Records for this exercise below:

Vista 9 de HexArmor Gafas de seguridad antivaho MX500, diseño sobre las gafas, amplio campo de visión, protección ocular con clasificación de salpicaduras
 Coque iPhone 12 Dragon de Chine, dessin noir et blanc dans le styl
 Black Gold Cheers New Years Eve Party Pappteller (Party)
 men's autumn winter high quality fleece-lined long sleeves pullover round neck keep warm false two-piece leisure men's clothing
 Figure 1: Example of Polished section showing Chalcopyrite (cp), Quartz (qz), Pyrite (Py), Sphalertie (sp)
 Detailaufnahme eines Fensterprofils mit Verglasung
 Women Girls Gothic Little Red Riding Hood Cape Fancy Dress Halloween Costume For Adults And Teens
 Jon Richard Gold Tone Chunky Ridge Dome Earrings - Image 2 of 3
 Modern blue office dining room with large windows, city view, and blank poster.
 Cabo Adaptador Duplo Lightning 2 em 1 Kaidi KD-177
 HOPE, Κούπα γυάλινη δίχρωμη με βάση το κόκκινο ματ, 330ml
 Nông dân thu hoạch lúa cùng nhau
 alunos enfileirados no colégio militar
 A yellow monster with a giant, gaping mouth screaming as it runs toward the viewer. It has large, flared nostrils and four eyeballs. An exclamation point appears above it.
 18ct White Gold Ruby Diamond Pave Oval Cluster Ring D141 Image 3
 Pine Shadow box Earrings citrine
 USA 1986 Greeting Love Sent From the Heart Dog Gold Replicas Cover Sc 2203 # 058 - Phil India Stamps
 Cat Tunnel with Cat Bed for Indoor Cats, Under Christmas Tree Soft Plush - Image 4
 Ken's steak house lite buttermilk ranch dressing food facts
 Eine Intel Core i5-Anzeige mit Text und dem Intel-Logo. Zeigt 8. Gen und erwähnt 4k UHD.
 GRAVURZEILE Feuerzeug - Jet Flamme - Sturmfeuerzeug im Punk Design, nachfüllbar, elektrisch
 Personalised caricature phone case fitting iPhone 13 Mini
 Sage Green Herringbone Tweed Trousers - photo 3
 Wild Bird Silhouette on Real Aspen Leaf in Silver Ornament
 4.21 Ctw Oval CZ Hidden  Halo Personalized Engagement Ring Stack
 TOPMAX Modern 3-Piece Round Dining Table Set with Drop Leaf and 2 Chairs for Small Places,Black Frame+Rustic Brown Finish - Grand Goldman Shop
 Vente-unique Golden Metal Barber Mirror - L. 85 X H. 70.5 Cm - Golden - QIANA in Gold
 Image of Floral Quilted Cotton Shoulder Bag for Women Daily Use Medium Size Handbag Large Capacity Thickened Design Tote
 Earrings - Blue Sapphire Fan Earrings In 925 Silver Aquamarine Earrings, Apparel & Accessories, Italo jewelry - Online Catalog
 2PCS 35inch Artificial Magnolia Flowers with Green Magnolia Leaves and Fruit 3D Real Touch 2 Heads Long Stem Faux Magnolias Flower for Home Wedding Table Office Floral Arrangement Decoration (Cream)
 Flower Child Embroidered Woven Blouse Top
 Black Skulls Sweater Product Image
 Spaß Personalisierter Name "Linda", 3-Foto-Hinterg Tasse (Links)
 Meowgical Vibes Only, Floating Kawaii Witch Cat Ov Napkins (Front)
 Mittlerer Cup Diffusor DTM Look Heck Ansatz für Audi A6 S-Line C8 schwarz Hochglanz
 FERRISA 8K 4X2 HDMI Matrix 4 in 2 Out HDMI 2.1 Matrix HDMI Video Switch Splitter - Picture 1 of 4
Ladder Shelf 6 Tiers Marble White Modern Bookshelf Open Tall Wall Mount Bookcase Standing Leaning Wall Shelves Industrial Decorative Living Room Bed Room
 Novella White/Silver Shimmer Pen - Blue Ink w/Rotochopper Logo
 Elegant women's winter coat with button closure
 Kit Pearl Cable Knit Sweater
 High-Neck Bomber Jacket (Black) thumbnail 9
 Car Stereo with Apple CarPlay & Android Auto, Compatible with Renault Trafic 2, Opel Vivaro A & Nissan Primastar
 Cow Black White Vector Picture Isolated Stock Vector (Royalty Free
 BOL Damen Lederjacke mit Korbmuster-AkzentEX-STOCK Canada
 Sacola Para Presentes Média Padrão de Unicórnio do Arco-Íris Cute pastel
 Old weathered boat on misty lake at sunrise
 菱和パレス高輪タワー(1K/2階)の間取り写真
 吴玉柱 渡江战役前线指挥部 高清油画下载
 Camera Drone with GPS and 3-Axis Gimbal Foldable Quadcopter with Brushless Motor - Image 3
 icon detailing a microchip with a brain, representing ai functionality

End of Records for this exercise.

### Exercise details
Starting at the line above that contains "Wild Bird Silhouette", write out each line exactly until the line that contains "Earrings - Blue" has been written, and stop there.

### Solution to the exercise
 Wild Bird Silhouette on Real Aspen Leaf in Silver Ornament
 4.21 Ctw Oval CZ Hidden  Halo Personalized Engagement Ring Stack
 TOPMAX Modern 3-Piece Round Dining Table Set with Drop Leaf and 2 Chairs for Small Places,Black Frame+Rustic Brown Finish - Grand Goldman Shop
 Vente-unique Golden Metal Barber Mirror - L. 85 X H. 70.5 Cm - Golden - QIANA in Gold
 Image of Floral Quilted Cotton Shoulder Bag for Women Daily Use Medium Size Handbag Large Capacity Thickened Design Tote
 Earrings - Blue Sapphire Fan Earrings In 925 Silver Aquamarine Earrings, Apparel & Accessories, Italo jewelry - Online Catalog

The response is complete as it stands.